I also agree that ‘forward purchasing’ definitely happens when discounting (especially in FMCG where products have long use-by dates), so full price is almost never paid.
Keep up the good work!
…and as for Tesla, my (over simplified, un-qualified) view is that it has now gone from a market disrupter, to one which must now fall into line with the rest of the sector and all that comes with it (adverts, discounts, fall-outs, good products, bad products et-al)!
Much as so many brands are foolish about discounting, they are the same regarding customer loyalty, as the two are highly correlated. Loyalty – the emotional state and not a “program” – is what drives customer to pay full price or even a premium.
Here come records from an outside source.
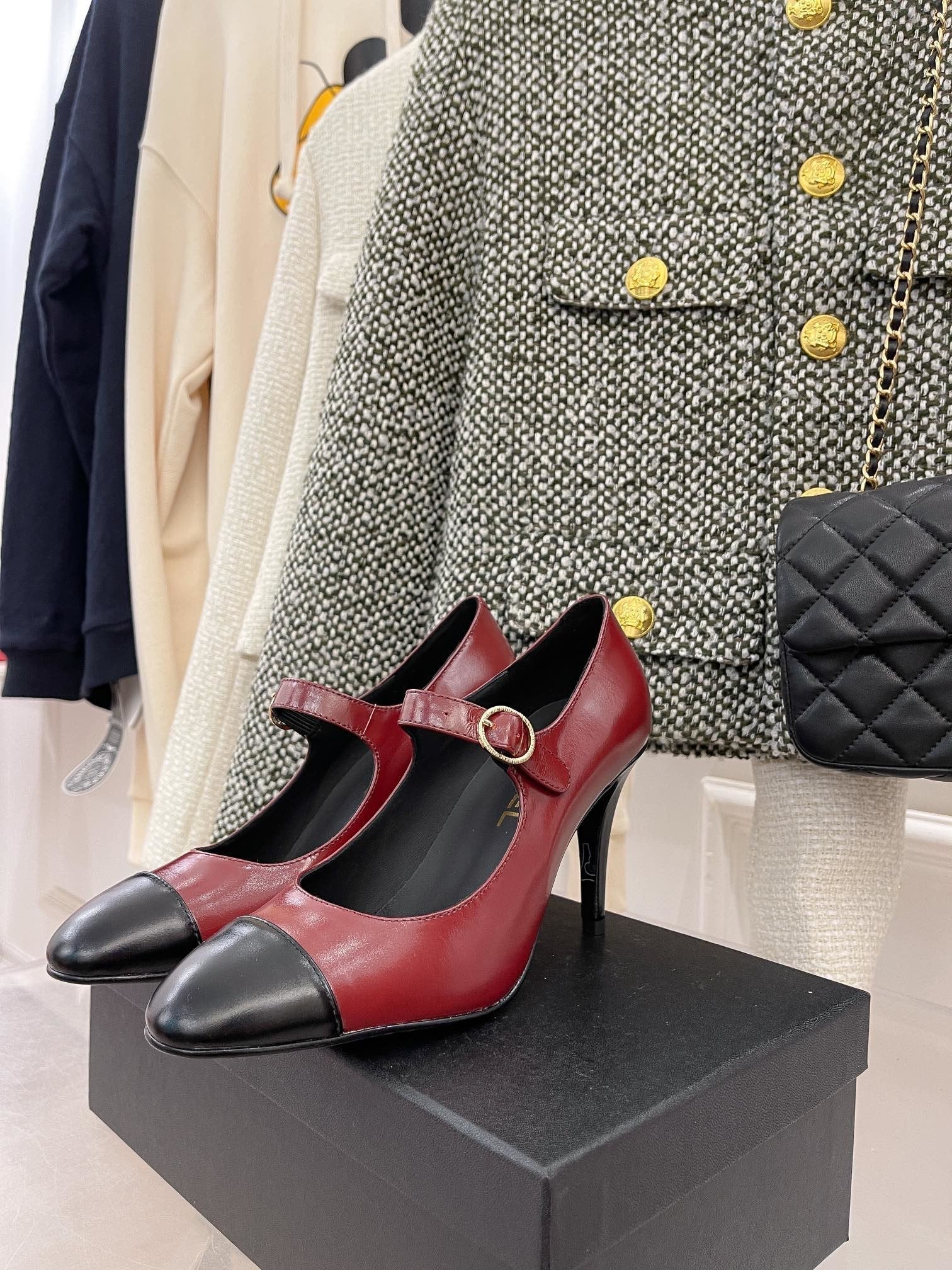 Chanel Open Shoes Red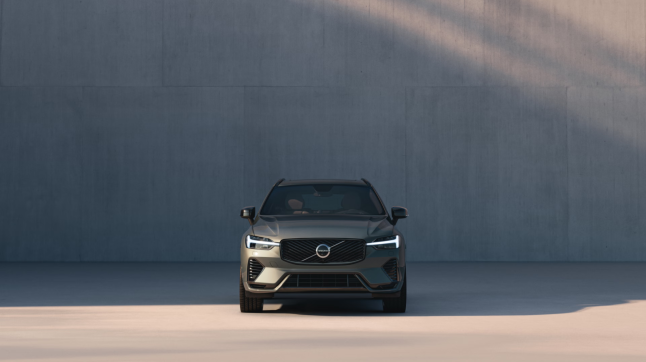 Ngoại thất Volvo XC60 Ultra 2026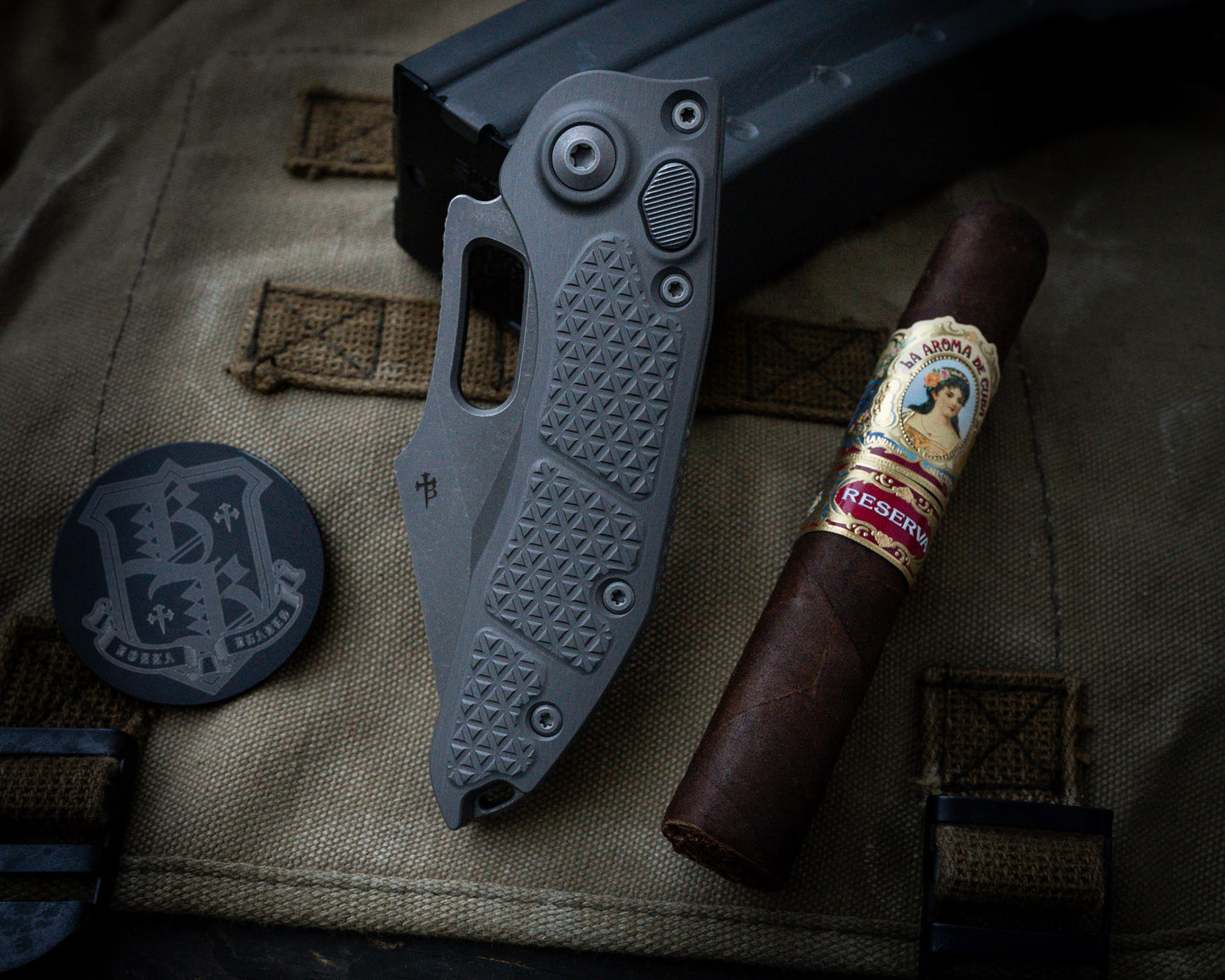 Stitch Automatic Apocalyptic Full Serrate Natural Clear Grey 3.75" Blade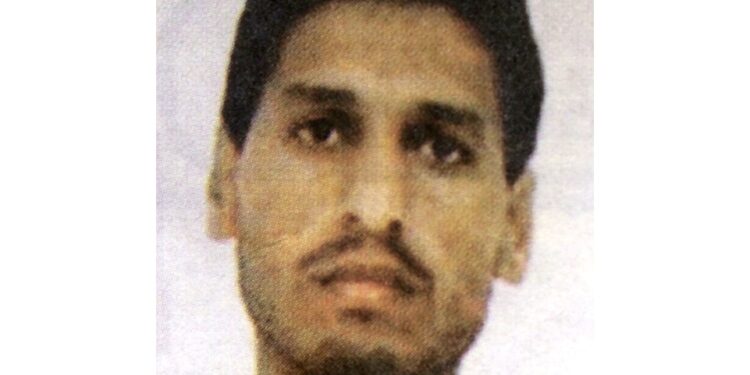 Ex capo della forza navale e parente di Mohammed Deif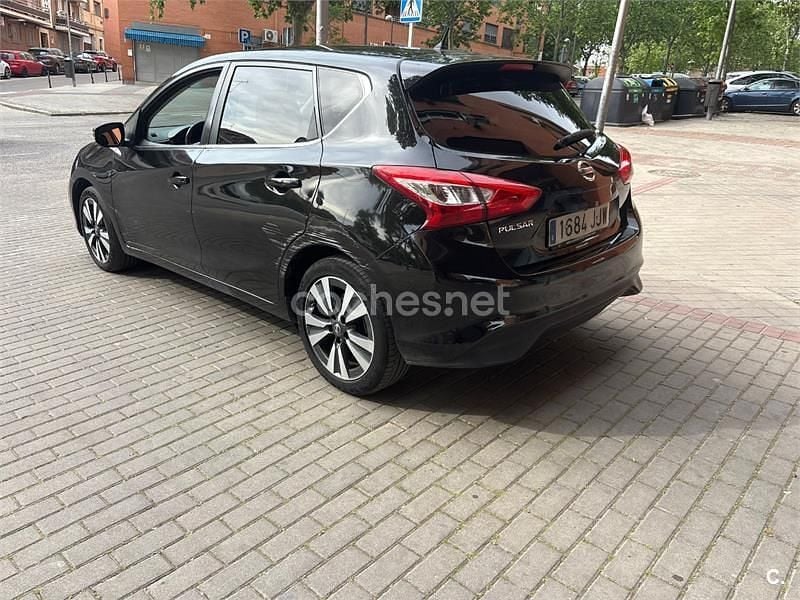Usado Nissan Pulsar Acenta 115 HP (84 kW) 2015 Preto Citadino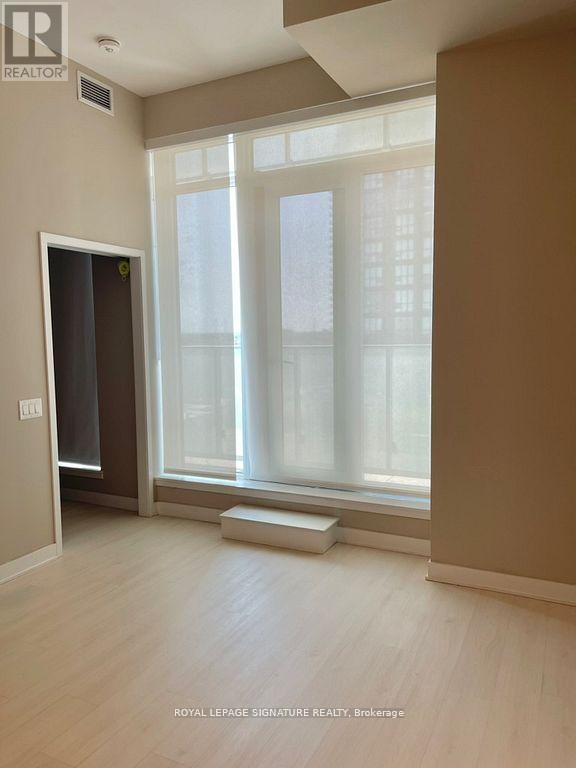 Photo 11 of 610 3900 Confederation Parkway, Mississauga ON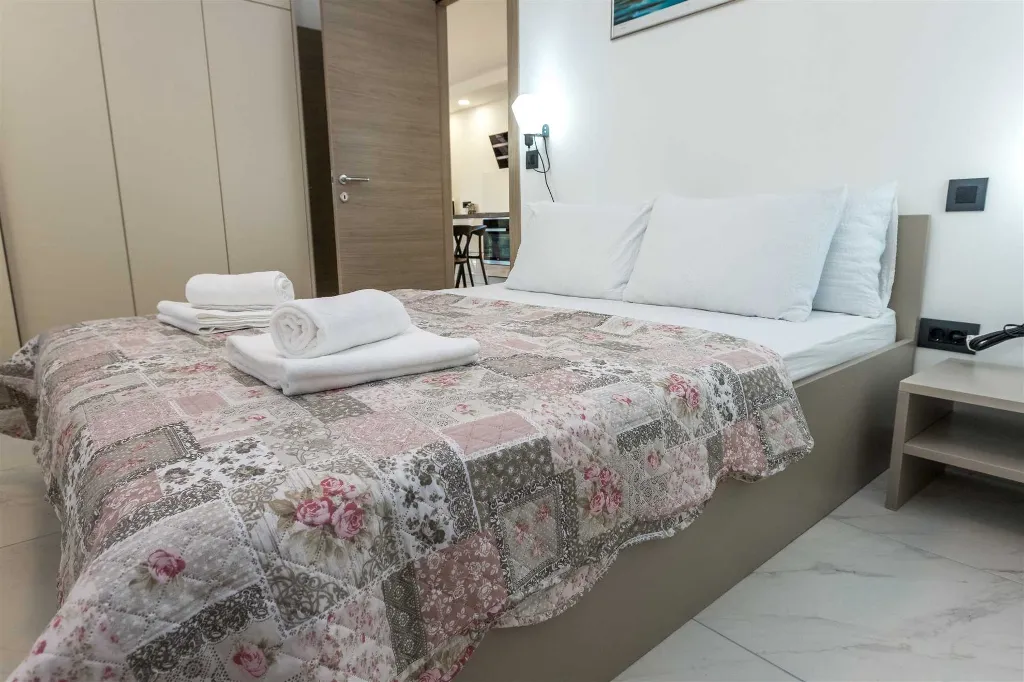 Villa in Pakoštane for 6–8 Guests with Heated Pool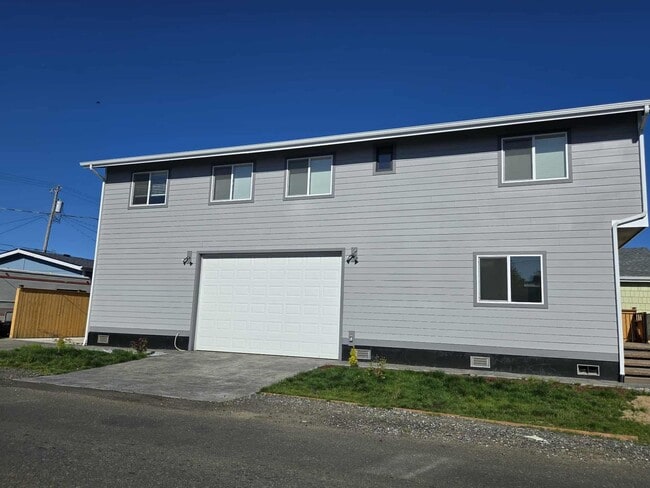 Primary Photo - Aberdeen - New build! 3 bedroom, 2 bath home.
Inclusive of not financial costs like going out one’s way to do business with a brand.
Discounting erodes this loyalty just as it does with brand equity, trust and profitability.
I re-read this (excellent) article given the latest news ‘Tesla to start advertising in major reversal for brand’ and wondered; Are we missing something here?
Yes, discounted prices will be likely to annoy valuable customers that have already purchased a given product.
And brands selling discounted food and drinks should only apportion a fraction of the sales uplift to the promotion and factor in the impact of canibilised and subsidised sales in their revenue and profit numbers.
But, purchasing a car is different.
Most notably because car buyers can be very ‘loyal’ to their chosen brand and will often re-purchase the same brand time after time.
And the frequency at which new car buyers replace their existing vehicles will have a big impact on overall sales volume, not to mention the dynamics of the second-hand car market.
Maybe Telsa’s discount will entice existing Tesla owners to replace or upgrade their cars sooner than they otherwise might. A counter-intuitive loyalty bonus if you like. As such, there would not be much of a backlash as and when prices returned to ‘normal’.
I haven’t seen Telsa’s current order book and don’t know what the latest EV market data looks like, but this pricing strategy/ market-share grab coupled with an effective product/ brand advertising campaign could end up being a master stroke.